En Fresa y Chocolate vemos a un David y a un Diego que padecen el deterioro de La Habana. “La están dejando caer”, dice alguno de los dos en un momento, y parece el monólogo de cualquier cubano que transite ahora mismo la ciudad. Si los espectadores de los primeros años noventa vivieron el fatídico Período Especial, los espectadores de hoy permanecen en una crisis que muchos consideran que ya ha superado cualquier otra.
La película habla sobre emigrar. “He tenido problemas con el sistema”, dice Diego antes de anunciarle a David que se largará finalmente de Cuba, una noticia que mantiene escondida casi hasta el final del filme, como casi todos en el país, que guardan el secreto de su partida hasta que no se puede esconder más. Treinta años después, muchos de los espectadores de Fresa y Chocolate son parte del gran éxodo que vive Cuba, el mayor de su historia, que alcanza la cifra de casi medio millón de emigrados en solo dos años.
Valdría la pena preguntarse, tres décadas después de Fresa y Chocolate, qué clase de país es Cuba. Vladimir Cruz cree, sin dudas, que no es un país mejor. “Resulta curioso comprobar cómo el tiempo parece haber erosionado únicamente la estructura física de nuestra ciudad, pero no la cerrazón y el dogmatismo de muchos funcionarios e instituciones culturales, más preocupados por la política que por la propia cultura”, dice. “Ante esta situación cabe preguntarse si una película similar podría rodarse y exhibirse en la Cuba actual. Siendo sincero, me temo que no”, se responde. “Tengo que decir que, al menos en ese sentido, tenemos un país peor”.

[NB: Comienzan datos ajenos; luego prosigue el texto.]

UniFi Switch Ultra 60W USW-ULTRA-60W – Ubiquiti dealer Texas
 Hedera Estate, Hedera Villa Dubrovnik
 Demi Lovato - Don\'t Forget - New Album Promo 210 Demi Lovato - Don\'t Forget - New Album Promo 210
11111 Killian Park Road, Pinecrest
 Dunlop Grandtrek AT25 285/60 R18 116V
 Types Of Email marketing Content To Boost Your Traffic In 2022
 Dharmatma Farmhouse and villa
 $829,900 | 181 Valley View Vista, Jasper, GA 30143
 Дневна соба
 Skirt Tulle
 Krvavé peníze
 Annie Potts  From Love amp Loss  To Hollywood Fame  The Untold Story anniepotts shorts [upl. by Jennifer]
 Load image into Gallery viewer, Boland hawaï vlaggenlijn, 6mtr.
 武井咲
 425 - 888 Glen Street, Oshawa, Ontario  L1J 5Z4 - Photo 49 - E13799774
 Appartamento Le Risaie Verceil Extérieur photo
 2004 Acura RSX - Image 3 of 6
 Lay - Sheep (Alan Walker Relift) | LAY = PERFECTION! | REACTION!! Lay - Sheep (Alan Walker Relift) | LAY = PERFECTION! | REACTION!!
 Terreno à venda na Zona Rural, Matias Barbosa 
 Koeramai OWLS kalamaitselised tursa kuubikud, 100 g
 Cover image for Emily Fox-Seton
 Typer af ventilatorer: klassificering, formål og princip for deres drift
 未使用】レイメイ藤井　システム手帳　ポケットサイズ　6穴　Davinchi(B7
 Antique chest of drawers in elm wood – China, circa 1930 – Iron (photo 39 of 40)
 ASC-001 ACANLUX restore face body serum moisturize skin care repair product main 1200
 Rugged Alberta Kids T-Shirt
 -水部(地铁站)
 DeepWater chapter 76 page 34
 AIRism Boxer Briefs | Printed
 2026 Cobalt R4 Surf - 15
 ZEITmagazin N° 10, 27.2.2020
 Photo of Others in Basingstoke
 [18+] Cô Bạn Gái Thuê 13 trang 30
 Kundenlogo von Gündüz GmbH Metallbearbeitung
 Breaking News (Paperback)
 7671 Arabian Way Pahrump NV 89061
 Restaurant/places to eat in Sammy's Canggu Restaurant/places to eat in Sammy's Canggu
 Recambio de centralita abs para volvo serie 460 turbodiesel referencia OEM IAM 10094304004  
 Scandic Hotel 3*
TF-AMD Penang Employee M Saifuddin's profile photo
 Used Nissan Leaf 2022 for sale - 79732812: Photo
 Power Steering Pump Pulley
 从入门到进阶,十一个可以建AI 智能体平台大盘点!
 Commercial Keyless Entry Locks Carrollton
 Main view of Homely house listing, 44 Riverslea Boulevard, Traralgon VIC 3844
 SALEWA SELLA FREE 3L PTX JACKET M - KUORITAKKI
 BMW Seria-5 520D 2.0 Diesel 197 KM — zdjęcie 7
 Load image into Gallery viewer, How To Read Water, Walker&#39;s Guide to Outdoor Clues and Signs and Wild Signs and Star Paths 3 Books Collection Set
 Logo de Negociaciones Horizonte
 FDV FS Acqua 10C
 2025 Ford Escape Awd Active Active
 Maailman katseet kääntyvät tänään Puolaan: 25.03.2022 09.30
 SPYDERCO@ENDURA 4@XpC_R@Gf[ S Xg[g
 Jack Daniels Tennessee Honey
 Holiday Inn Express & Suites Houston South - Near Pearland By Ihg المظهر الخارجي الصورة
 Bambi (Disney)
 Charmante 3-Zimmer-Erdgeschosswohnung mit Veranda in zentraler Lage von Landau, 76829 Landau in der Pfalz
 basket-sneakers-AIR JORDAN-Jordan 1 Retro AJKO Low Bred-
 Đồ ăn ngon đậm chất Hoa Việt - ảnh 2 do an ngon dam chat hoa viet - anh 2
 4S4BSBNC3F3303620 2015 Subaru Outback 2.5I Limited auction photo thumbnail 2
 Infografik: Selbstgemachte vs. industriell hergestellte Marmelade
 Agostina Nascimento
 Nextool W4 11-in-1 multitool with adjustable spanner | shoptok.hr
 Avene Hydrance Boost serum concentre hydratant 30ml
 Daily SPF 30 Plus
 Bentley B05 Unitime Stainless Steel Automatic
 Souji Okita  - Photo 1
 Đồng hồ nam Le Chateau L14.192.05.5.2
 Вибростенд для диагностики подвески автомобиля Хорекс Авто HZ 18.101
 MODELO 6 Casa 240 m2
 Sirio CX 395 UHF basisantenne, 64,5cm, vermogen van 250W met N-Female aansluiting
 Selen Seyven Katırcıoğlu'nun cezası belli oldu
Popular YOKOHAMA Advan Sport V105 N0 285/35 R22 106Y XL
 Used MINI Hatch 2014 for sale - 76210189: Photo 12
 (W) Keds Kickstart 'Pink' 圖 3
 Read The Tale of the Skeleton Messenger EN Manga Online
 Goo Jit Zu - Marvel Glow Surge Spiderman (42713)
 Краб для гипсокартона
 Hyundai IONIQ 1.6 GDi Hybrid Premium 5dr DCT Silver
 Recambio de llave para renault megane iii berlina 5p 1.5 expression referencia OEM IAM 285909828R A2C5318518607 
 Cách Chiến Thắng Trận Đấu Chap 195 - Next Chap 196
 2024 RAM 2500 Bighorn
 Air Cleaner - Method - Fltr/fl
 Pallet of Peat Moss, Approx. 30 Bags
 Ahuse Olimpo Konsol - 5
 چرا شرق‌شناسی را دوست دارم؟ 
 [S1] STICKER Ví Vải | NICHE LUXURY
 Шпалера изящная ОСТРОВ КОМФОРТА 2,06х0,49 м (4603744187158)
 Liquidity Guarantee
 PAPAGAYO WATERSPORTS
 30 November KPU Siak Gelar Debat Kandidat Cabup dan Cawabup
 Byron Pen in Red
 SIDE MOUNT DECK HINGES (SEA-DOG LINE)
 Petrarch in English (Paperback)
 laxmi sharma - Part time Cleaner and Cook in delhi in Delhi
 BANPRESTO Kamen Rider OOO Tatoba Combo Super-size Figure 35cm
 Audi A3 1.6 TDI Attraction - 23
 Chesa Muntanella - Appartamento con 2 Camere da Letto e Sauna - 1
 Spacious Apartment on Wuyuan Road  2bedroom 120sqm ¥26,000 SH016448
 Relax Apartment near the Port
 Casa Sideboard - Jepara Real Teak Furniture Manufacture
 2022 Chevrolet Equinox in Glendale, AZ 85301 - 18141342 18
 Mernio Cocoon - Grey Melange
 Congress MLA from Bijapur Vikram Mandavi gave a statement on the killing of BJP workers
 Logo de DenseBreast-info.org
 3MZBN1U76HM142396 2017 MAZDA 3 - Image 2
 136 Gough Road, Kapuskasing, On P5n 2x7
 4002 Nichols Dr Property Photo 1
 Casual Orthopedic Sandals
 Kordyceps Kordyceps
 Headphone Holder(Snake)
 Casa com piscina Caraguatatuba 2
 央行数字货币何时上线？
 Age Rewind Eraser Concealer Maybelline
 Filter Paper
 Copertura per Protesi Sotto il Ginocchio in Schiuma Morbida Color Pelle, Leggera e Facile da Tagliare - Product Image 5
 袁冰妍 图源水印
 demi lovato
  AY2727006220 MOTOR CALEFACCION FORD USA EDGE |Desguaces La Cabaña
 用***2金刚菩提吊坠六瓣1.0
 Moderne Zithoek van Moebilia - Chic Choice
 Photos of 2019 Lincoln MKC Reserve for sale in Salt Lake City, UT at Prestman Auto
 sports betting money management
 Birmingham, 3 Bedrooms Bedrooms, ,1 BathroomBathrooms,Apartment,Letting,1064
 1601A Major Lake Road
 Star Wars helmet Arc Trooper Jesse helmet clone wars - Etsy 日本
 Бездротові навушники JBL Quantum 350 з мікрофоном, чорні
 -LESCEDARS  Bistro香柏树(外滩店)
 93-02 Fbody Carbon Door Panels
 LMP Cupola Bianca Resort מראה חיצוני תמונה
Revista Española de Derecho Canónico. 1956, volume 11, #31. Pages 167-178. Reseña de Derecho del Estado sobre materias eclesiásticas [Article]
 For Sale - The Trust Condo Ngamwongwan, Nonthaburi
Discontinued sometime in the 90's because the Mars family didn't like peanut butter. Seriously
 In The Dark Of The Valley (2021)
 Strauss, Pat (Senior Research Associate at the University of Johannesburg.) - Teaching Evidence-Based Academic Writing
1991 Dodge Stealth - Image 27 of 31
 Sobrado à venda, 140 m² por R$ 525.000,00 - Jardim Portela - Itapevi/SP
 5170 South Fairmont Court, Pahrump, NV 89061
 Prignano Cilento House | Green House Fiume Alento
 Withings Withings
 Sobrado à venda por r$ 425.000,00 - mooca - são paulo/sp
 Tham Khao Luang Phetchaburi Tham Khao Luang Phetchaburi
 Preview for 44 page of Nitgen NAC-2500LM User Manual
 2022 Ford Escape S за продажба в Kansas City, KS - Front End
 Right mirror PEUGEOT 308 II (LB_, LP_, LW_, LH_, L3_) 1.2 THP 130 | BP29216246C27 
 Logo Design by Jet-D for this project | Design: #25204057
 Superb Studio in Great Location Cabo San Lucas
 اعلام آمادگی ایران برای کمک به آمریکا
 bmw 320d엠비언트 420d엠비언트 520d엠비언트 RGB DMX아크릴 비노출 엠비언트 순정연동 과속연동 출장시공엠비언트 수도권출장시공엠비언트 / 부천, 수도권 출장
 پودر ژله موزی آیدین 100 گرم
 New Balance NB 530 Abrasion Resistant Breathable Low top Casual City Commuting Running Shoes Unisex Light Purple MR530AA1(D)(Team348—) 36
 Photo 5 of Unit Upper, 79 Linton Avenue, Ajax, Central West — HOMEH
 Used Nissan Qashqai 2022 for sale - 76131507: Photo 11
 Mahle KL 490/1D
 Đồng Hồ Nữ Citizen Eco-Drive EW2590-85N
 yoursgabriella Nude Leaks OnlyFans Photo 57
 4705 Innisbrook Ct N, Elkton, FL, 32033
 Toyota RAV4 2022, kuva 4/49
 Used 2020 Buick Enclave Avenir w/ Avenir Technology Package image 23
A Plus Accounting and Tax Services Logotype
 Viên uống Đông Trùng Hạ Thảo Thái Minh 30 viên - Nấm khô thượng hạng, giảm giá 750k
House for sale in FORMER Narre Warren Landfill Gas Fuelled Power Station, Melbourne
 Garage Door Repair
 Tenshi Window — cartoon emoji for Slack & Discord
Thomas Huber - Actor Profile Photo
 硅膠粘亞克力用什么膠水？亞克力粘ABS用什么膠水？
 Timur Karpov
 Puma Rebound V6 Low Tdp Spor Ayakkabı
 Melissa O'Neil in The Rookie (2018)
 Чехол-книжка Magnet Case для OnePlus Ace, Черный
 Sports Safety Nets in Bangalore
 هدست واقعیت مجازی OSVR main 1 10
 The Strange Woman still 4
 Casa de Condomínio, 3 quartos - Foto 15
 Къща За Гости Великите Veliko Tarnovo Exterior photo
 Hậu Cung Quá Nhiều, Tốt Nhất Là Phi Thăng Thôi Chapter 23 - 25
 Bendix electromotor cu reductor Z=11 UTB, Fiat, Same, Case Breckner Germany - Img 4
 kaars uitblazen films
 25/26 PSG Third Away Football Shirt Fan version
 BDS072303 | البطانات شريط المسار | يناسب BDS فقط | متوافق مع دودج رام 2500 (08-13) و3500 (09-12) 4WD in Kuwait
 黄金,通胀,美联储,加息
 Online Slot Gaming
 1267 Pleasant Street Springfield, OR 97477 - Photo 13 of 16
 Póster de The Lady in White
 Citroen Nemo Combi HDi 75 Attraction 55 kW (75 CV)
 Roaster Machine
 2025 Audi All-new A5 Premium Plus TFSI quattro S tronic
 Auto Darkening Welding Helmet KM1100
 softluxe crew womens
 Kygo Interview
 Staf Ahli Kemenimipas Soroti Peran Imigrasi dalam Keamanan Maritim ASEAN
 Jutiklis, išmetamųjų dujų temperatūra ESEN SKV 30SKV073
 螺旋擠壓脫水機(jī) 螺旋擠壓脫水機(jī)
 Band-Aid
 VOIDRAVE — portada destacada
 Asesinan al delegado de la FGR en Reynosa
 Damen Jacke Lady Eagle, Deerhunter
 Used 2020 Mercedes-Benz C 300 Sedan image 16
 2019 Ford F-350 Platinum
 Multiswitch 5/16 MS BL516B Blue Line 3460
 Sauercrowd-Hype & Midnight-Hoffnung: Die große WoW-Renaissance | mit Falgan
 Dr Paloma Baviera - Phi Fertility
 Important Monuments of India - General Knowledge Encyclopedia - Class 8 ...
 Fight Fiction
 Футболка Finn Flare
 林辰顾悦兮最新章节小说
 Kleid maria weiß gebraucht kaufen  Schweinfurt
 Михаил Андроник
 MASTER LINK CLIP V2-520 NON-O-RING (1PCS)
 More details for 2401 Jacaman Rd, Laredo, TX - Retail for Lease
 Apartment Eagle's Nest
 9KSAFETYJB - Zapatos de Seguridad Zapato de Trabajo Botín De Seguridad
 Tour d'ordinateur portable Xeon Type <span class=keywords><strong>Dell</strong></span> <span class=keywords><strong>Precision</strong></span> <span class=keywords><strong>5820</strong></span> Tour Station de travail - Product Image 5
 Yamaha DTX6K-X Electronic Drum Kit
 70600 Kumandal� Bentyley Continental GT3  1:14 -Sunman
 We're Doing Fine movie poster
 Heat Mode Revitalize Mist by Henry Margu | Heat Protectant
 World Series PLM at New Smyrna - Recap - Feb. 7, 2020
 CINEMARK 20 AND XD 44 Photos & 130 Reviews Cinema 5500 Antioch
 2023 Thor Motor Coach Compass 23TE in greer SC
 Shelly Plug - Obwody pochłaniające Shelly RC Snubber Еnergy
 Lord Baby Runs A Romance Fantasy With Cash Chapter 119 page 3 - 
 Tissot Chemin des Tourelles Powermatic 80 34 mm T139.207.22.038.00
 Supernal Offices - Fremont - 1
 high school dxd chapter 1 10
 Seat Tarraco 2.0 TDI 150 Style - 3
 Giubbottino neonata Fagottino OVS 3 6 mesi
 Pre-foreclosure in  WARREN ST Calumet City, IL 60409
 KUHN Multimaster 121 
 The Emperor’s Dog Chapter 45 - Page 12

Fresa y Chocolate comienza con una escena en la popular heladería Coppelia de La Habana. Diego llega con un ramo de girasoles, un libro y su mirada de cazador. Pide permiso para sentarse y saborea su helado. “No pude resistir la tentación. Me encanta la fresa”, le dice a David. El Coppelia también es un lugar peor. Las calles que caminan Diego y David, o las librerías que visitan, son un lugar peor. La mítica Guarida, el set principal de la película convertido hoy en uno de los restaurantes más sofisticados de La Habana, en medio de uno de los barrios donde más derrumbes de edificios se reportan en los últimos años, tampoco es un mejor lugar.
Cabe la pregunta de si, pasados 30 años, Vladimir Cruz y Jorge Perugorría han sido fieles al espíritu de Diego y David. Perugorría no respondió a un cuestionario de EL PAÍS. Cruz, por su parte, cree que ha tratado de ser consecuente con la película: “Lo único que puedo decir es que en los últimos 30 años, a partir de mi trabajo en Fresa y Chocolate, todos los principales actos que he realizado, tanto profesionales como personales, los he hecho teniendo en cuenta ese espíritu y esa responsabilidad”.